"""

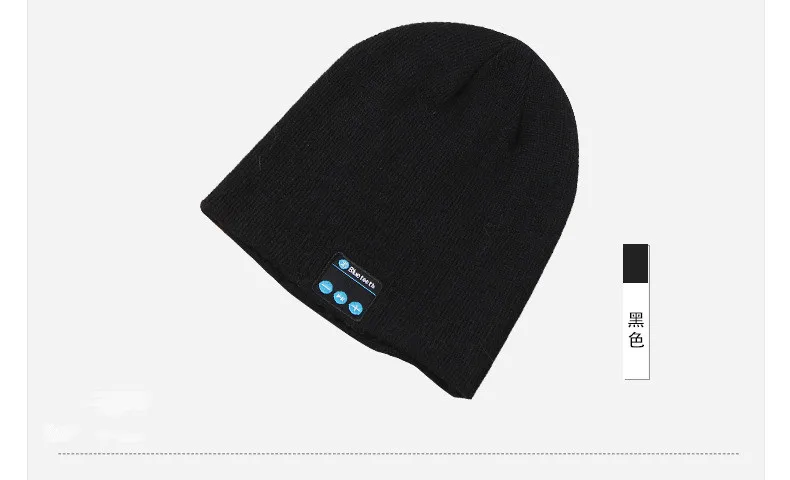 Black Теплая шапка с Bluetooth с мягким и умным микрофоном, Беспроводная музыкальная гарнитура, наушники, шапка для спорта на открытом воздухе, удобная шапочка - Цвет: Black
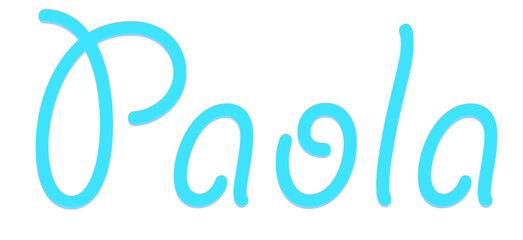 Paola - light blue color - female name - sparkles - ideal for websites, emails, presentations, greetings, banners, cards, books, t-shirt, sweatshirt, prints
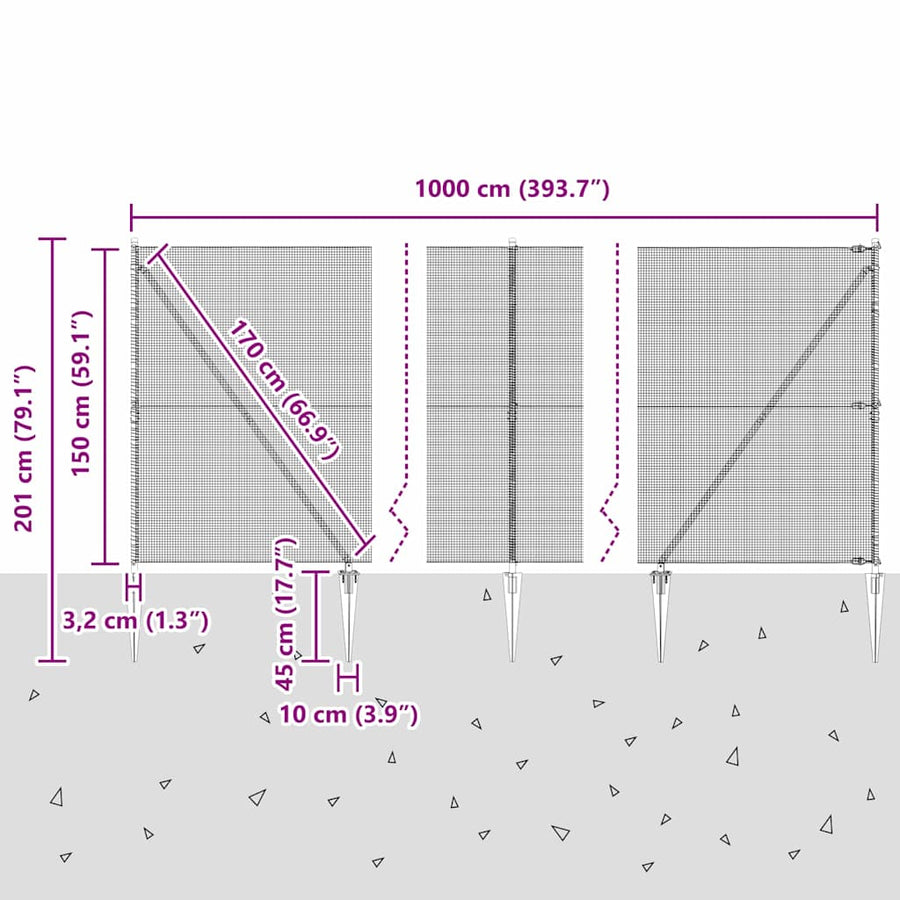 Hecke Met Palen 1.5 X 10 M Staal Grijs 10 x 1.5 m (12 x 12 mm gaas)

"""

| BRIEF |
Line for line, retype the material exactly, omitting any pictures.

| YOUR RESPONSE |
 Black Теплая шапка с Bluetooth с мягким и умным микрофоном, Беспроводная музыкальная гарнитура, наушники, шапка для спорта на открытом воздухе, удобная шапочка - Цвет: Black
 Paola - light blue color - female name - sparkles - ideal for websites, emails, presentations, greetings, banners, cards, books, t-shirt, sweatshirt, prints
 Hecke Met Palen 1.5 X 10 M Staal Grijs 10 x 1.5 m (12 x 12 mm gaas)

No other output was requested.